BEGIN TASK INPUT
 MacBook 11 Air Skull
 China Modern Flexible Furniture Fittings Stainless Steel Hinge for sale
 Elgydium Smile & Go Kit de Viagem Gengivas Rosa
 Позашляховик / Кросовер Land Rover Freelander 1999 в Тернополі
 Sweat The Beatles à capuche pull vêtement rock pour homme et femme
END TASK INPUT
BEGIN TASK INPUT
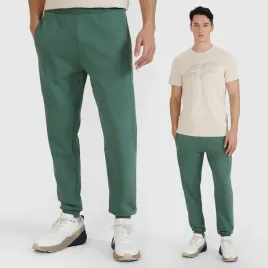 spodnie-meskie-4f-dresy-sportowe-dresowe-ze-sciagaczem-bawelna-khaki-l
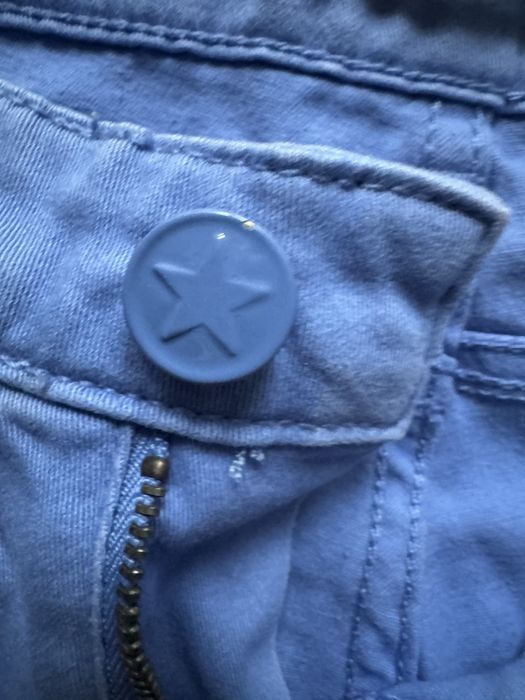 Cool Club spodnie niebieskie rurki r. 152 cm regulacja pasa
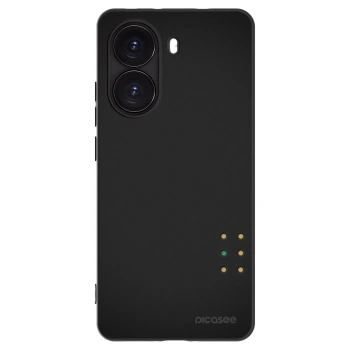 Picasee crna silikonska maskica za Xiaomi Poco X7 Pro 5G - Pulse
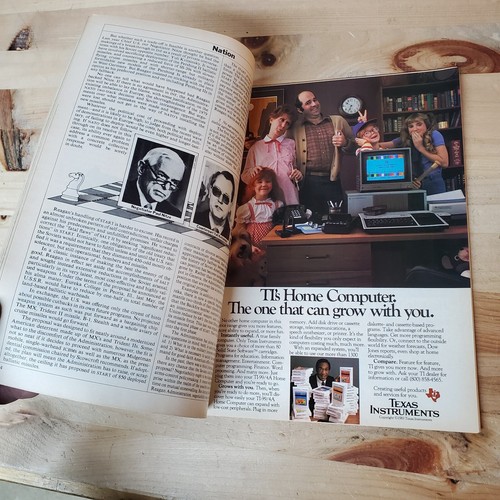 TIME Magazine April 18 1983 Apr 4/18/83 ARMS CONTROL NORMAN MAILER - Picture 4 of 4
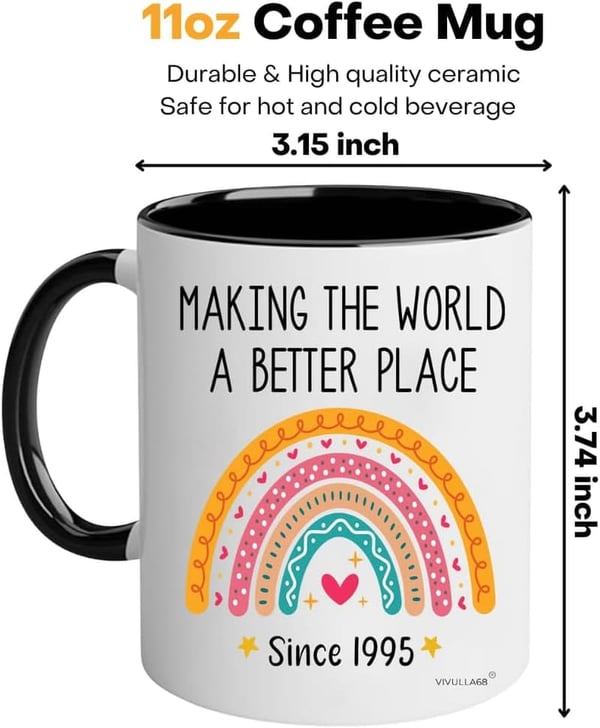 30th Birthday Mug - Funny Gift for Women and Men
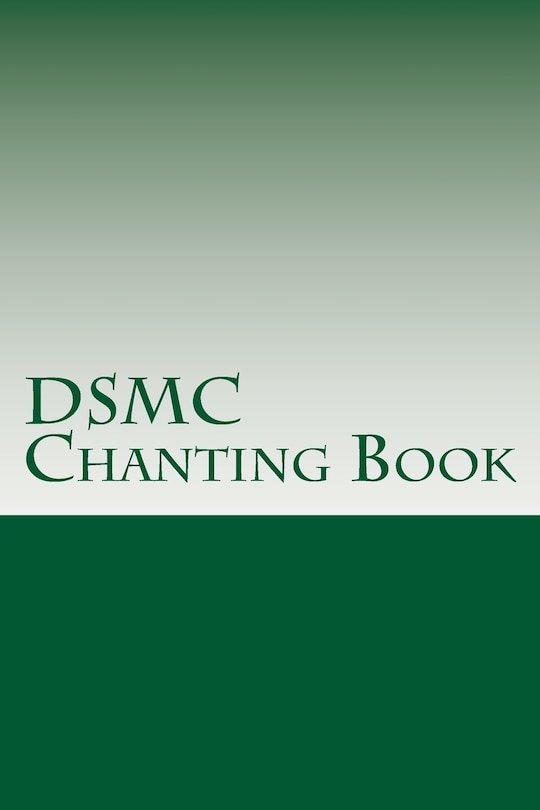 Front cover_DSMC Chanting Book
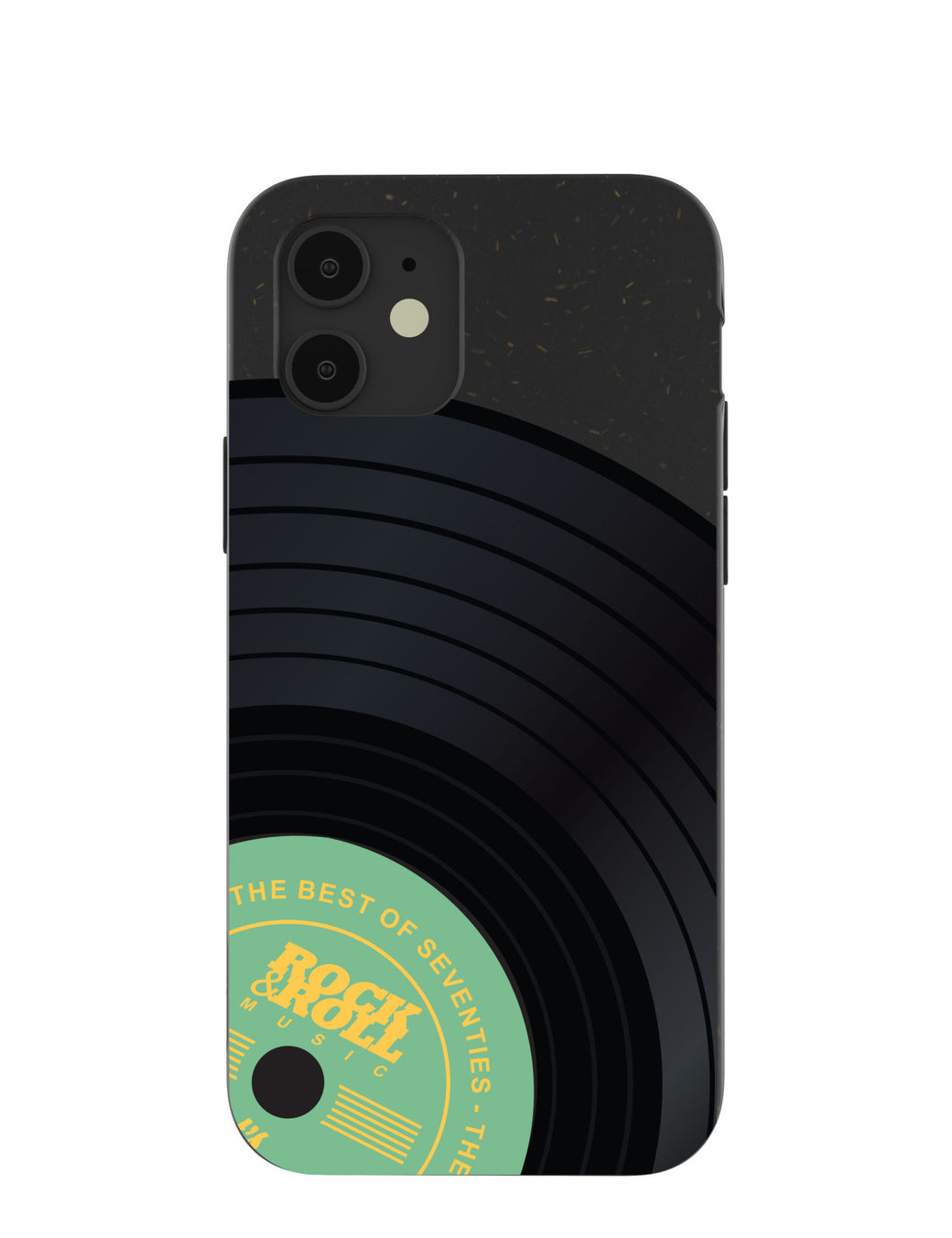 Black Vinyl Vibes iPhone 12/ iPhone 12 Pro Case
END TASK INPUT
PROBLEM DETAILS: In the listing above, find the line with "Позашляховик / Кросовер" and the line with "Sweat The Beatles". Output those two lines and every line between them, exactly as written.

OUTPUT OF THE EXERCISE:
 Позашляховик / Кросовер Land Rover Freelander 1999 в Тернополі
 Sweat The Beatles à capuche pull vêtement rock pour homme et femme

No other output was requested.